Sayangnya kedua kelompok yang saat itu berbeda pendapat yaitu kelompok nasionalis dan kelompok agama punya tafsir masing-masing atas kesepakatan itu. Jadi lah persoalan tentang pola relasi agama dengan negara tidak pernah berakhir hingga saat ini.  Bagi kelompok agama (dalam hal ini Islam), negara didirikan tidak lain tidak bukan untuk melaksanakan perintah Tuhan di muka bumi. Cara pandang yang diyakini bersumber dari Alquran dan Hadits sesungguhnya menemukan titik taut pada teori Kedualatan Tuhan yang juga dikenal dalam hukum literatur ilmu negara yang dipelajari di Barat. 
 
Di sisi lain, kelompok nasionalis berpendapat bahwa hukum negara dibuat dan dibentuk berdasarkan kesepakatan warga negara dengan para pemimpin (factum unionis atau factum subjektionis) yang bertitik taut dengan teori kedaulatan rakyat atau teori kontrak sosial. Dalam khasanah filsafat hukum, teori kedaulatan rakyat atau teori kontrak sosial akan menghasilkan pemikiran teori positivisme hukum yang mendalilkan bahwa hukum adalah sesuatu yang senagaj dibentuk oleh negara melaluli lembaga-lembaga pembuat undang-undang. Sedangkan teori kedaulatan Tuhan akan menghasilkan teori hukum alam yang mendalilkan bahwa hukum Tuhan adalah hukum yang harus dilaksanakan oleh negara tanpa mengabaikan adanya juga hukum yang perlu dibuat oleh negara. Adapun kelompok yang ketiga yang mendalilkan bahwa hukum tidak perlu dibuat namun menyerahkan kepada nilai-nilai yang hidup di tengah sesuatu masyarakat (ubi ius ubi societas).

Nilai dan Kaedah
Seandainyapun kita mengabaikan adanya hukum alam dan hukum sosial, dalam ilmu tentang kaedah penyusunan perundang-undangan, tetap lah nilai-nilai moral menjadi dasar pijak penyusunan kaedah hukum positif.
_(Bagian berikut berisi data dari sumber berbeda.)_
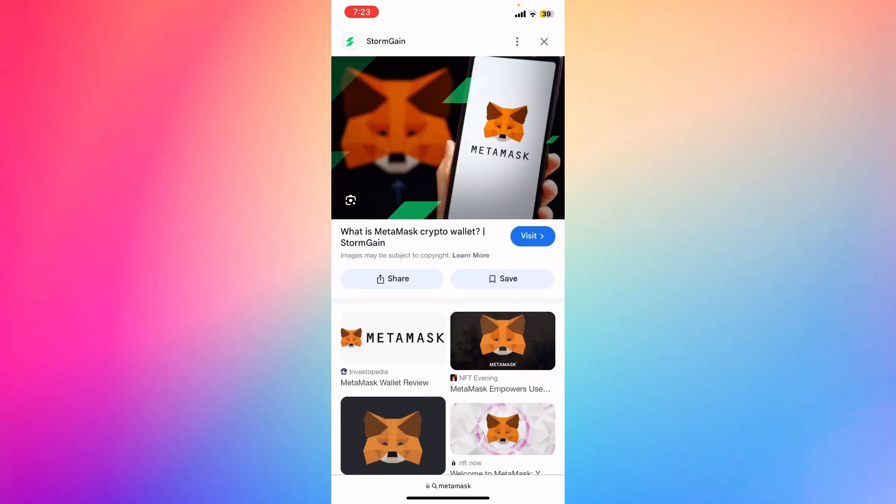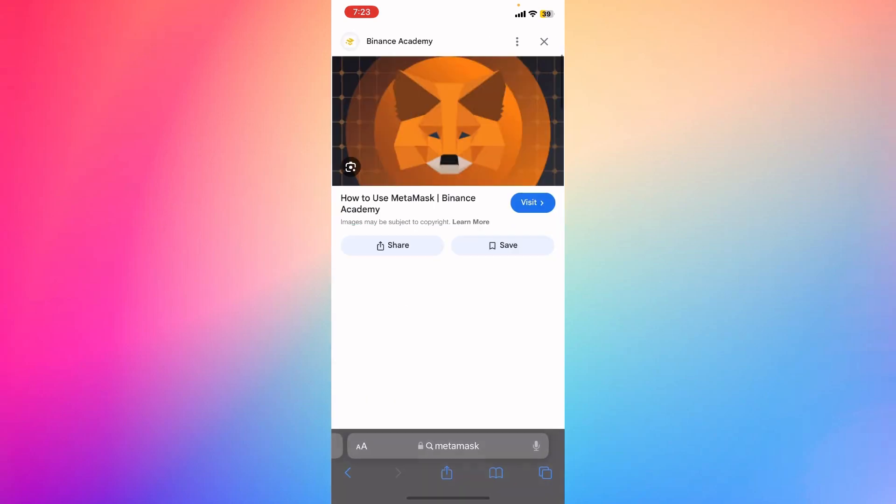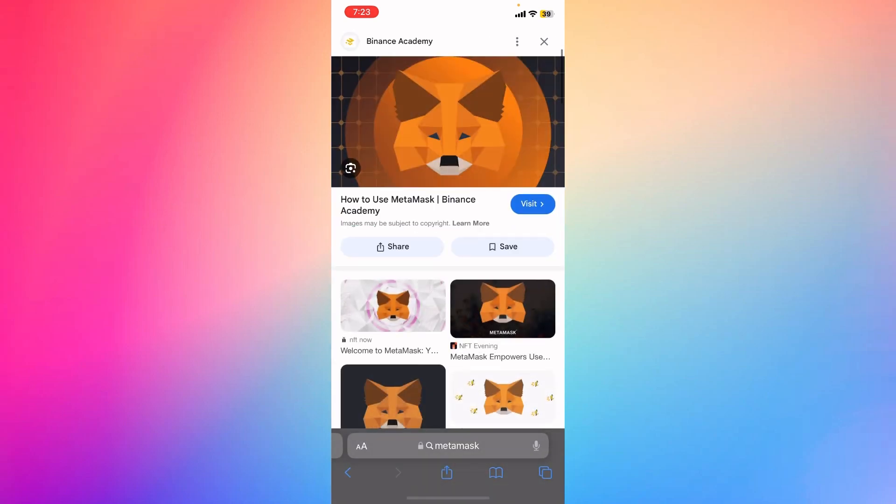Confirm the backup phrase by selecting the words in the correct order. Once your wallet is set up, MetaMask will generate a new EVM-compatible wallet address for you. You can view your wallet address by clicking the account name.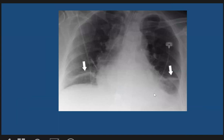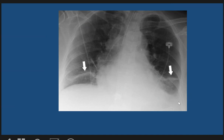Here is a patient with plate atelactasis, showing bilateral linear opacification at the lung bases adjacent to the diaphragm. There is also some minimal pleural effusion on the left side.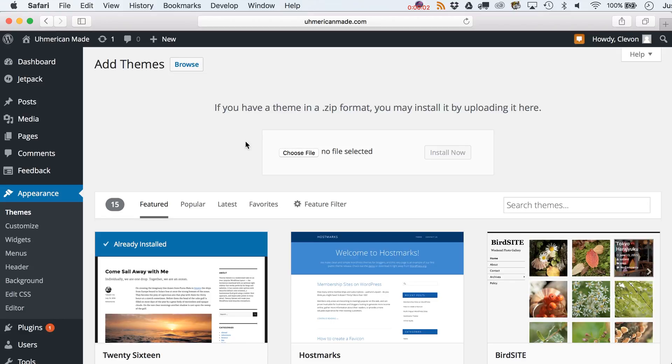Alright Cleveland, you ready to jump into part five of our series where we're going to make your WordPress website from scratch? Yes I am, and thank you for continuing this.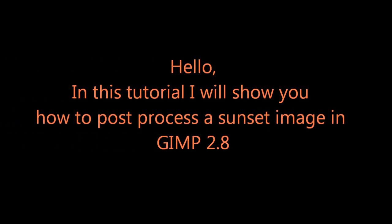Hello! In this tutorial I will show you how to post-process a sunset image in GIMP 2.8.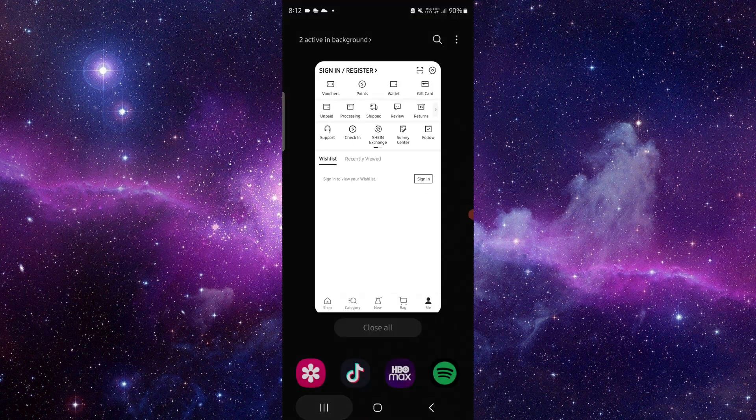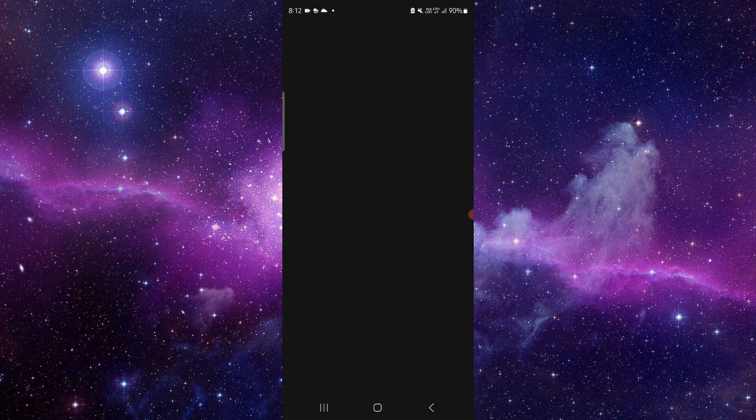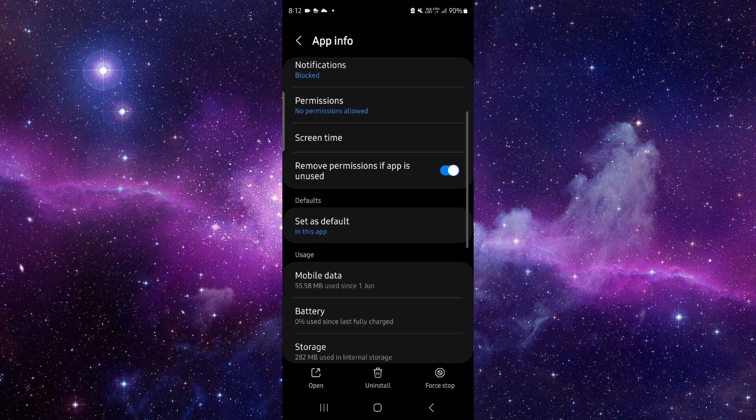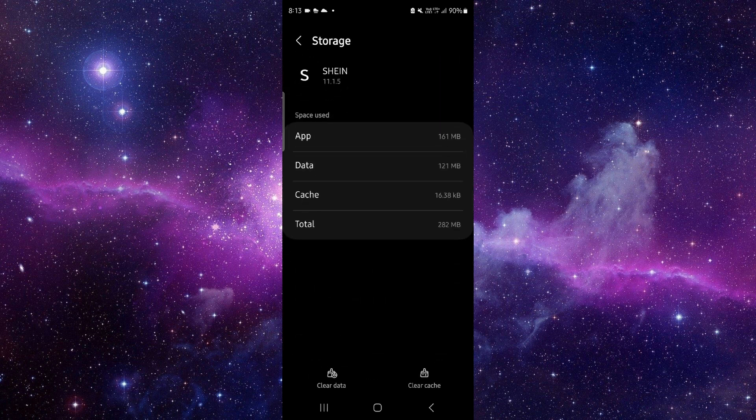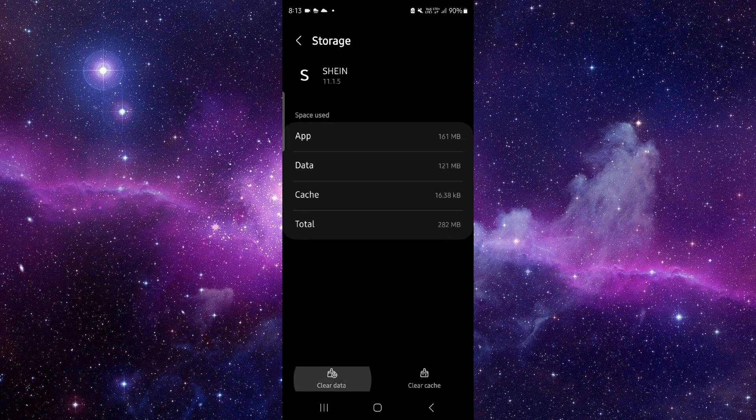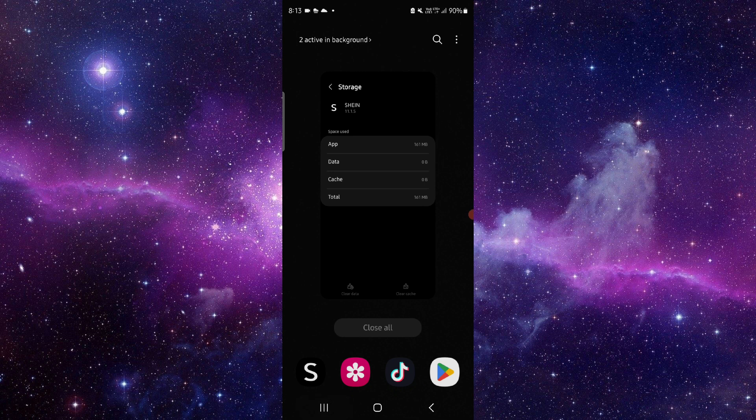First, you have to go here and click on app info. Then you have to go to storage, then clear data and delete.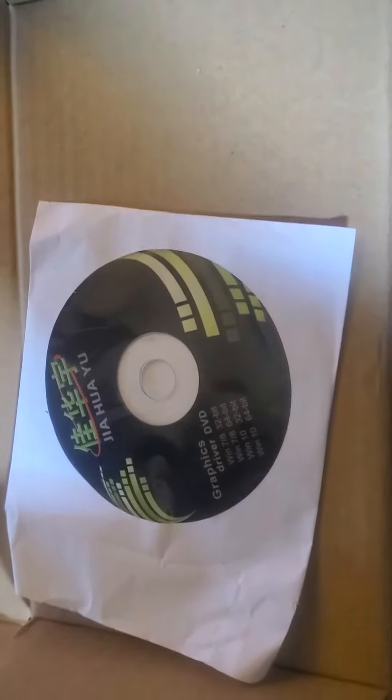A Chinese driver disc which looks absolutely fake. Let's look at the GPU here.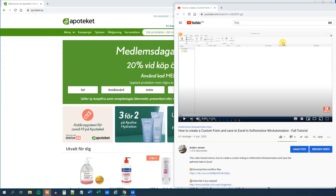My name is Anders Jensen. Let's learn some UiPath. Today we will see how we can get web data to Excel with UiPath.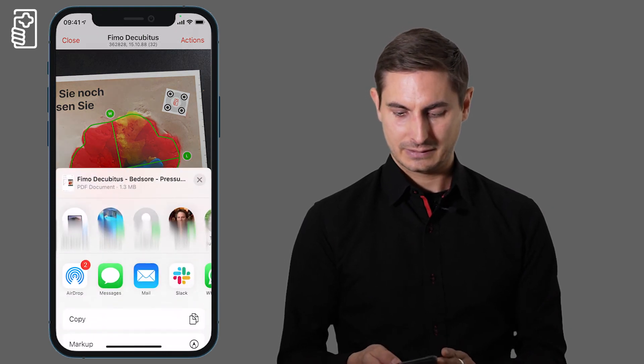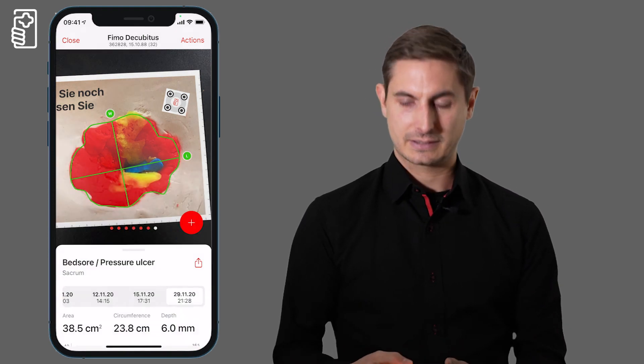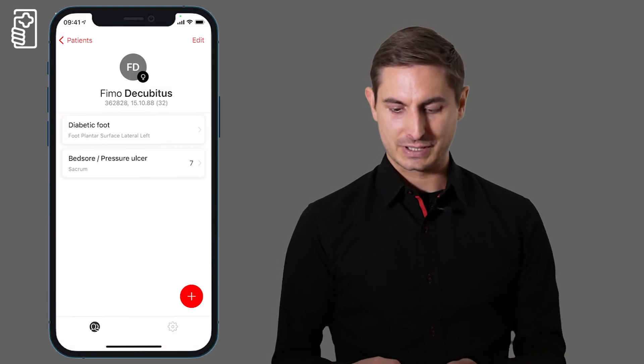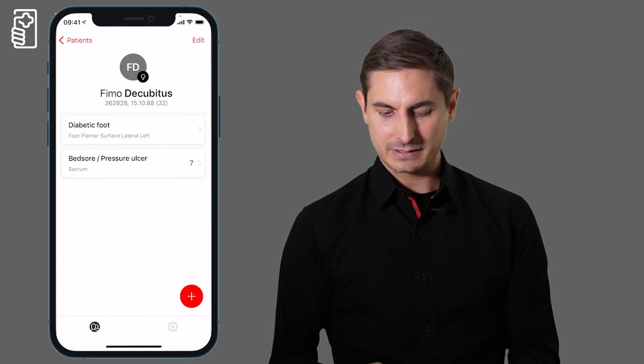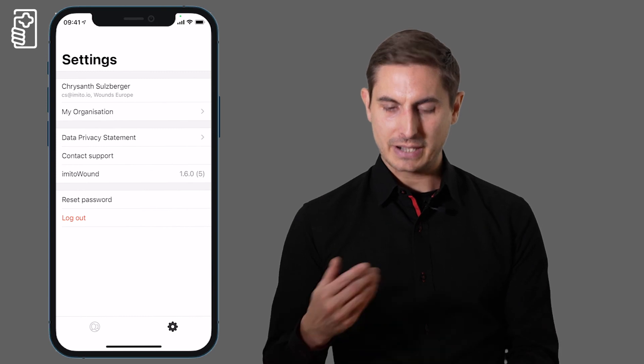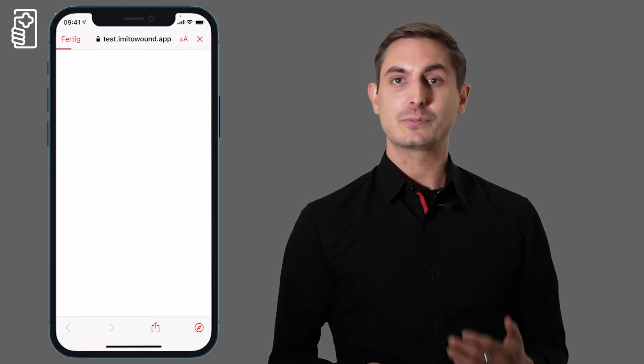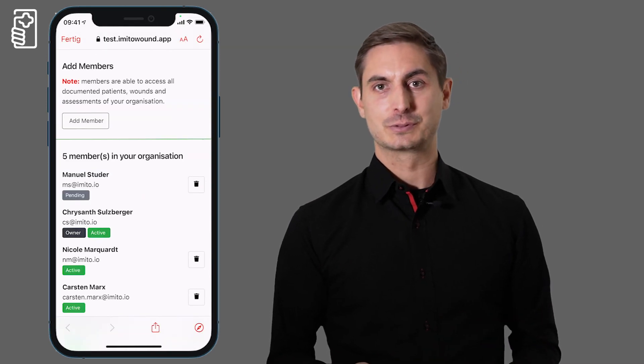And as the owner of an organization in the settings we can also manage the organization and invite other colleagues to Imito Wound. So it is designed for small teams to start using it immediately.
Kaedah yang disusun oleh lembaga pembuat undang-undang harus lah berjiwakan nilai moral yang jika tidak berlandaskan moral, maka kaedah hukum tersebut adalah kaedah hukum yang kosong, hampa tanpa ruh moralitas di dalamnya. Perdebatan dalam ranah politik hukum adalah nilai moral manakah yang patut dijadikan landasan pembentukan kaedah hukum mengingat demikian banyaknya nilai-nilai yang dianut dan diyakini sebagai nilai-nilai kebenaran oleh masyarakat. Sesungguhnya di situ lah perdebatan itu perlu terjadi dengan sesengit-sengitnya dengan catatan jika palu sudah diketuk, maka seharusnya lah tidak ada lagi perdebatan. 
 
Terkait hak-hak kaum LGBT, perdebatan tersebut sesungguhnya sudah selesai. Di dalam Undang Undang Perkawinan, yang boleh menikah adalah seorang pria dengan seorang wanita. Tidak ada tafsir lain atas subjek hukum bernama pria dan wanita itu. Perkawinan sesama jenis sudah tentu perbuatan melawan hukum. Jika dikaitkan dengan HAM, tidak satupun pasal tentang HAM baik dalam Undang Undang HAM maupun dalam konstitusi yang membolehkan pernikahan  sesama jenis. Jika saat ini ada keberatan, maka silakan saja menempuh upaya-upaya legal seperti mengajukan permohonan judicial review ke Mahkamah Konstitusi atau mengajukan legislatife review untuk merevisi undang-undang terkait. Maka biarlah wakil-wakil rakyat yang berwenang berdebat dan menentukan nilai mana kah yang cocok dan sesuai sebagai landasan moral bagi kaedah hukum Indonesia.
 
Konsep HAM yang dianut oleh bangsa Indonesia adalah bahwa dalam hal-hal tertentu terdapat HAM yang memang dapat dibatasi (HAM relatif). HAM yang absolut yaitu hak yang tidak boleh dikurangi dan dilanggar siapa saja sesuai prinsip nonderogable human rights. Hak-hak itu antara lain hak untuk hidup, hak untuk tidak disiksa, hak atas kebebasan pribadi, hak atas pikiran dan nurani, kebebasan beragama, hak untuk tidak diperbudak dan hak atas kesamaan hukum serta hak untuk tidak dituntut atas hukum yang berlaku surut.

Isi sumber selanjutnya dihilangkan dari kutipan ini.